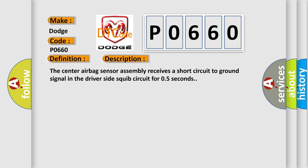The center airbag sensor assembly receives a short circuit to ground signal in the driver-side squib circuit for 0.5 seconds.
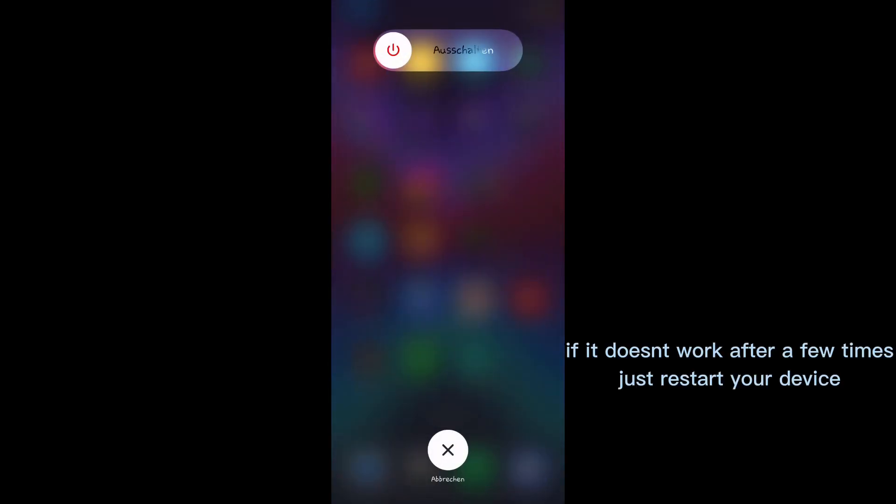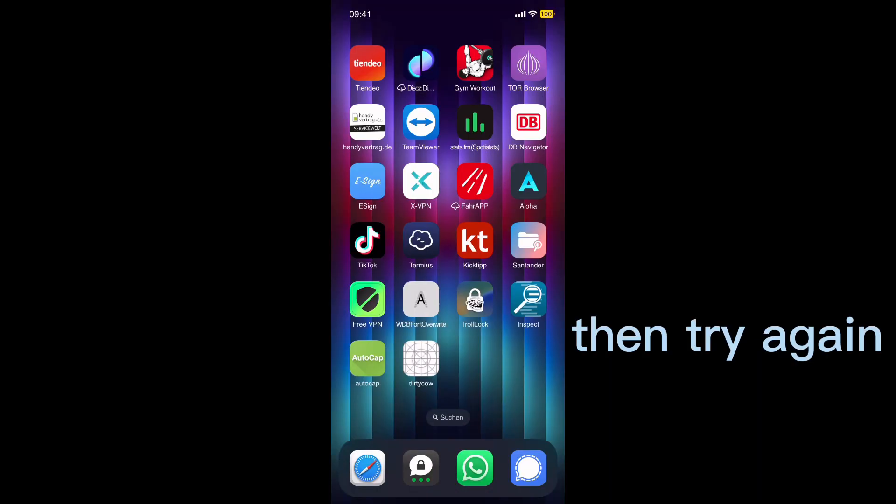If it doesn't work after a few times, just restart your device, then try again.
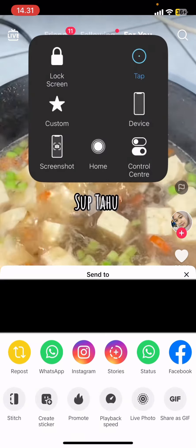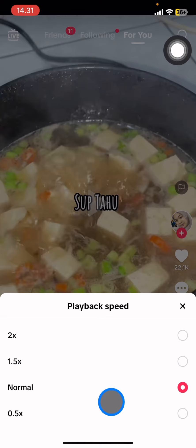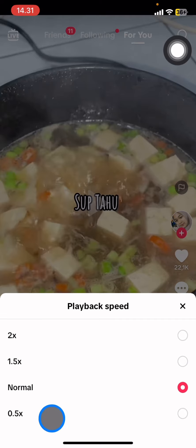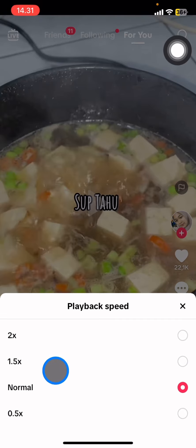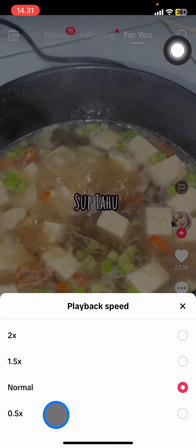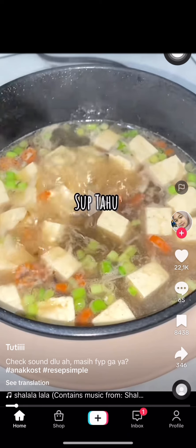Once you find Playback Speed, click on it. You can choose 0.5x, which means the video will play slower, or 1.5x so the video becomes faster. Let's make it slower by clicking that option.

--------------------------------------------------

PROBLEM REQUIREMENTS => Without the pictures, return the whole of the data exactly as given.

EXERCISE RESPONSE =>
The center airbag sensor assembly receives a short circuit to ground signal in the driver-side squib circuit for 0.5 seconds.
If it doesn't work after a few times, just restart your device, then try again.
Once you find Playback Speed, click on it. You can choose 0.5x, which means the video will play slower, or 1.5x so the video becomes faster. Let's make it slower by clicking that option.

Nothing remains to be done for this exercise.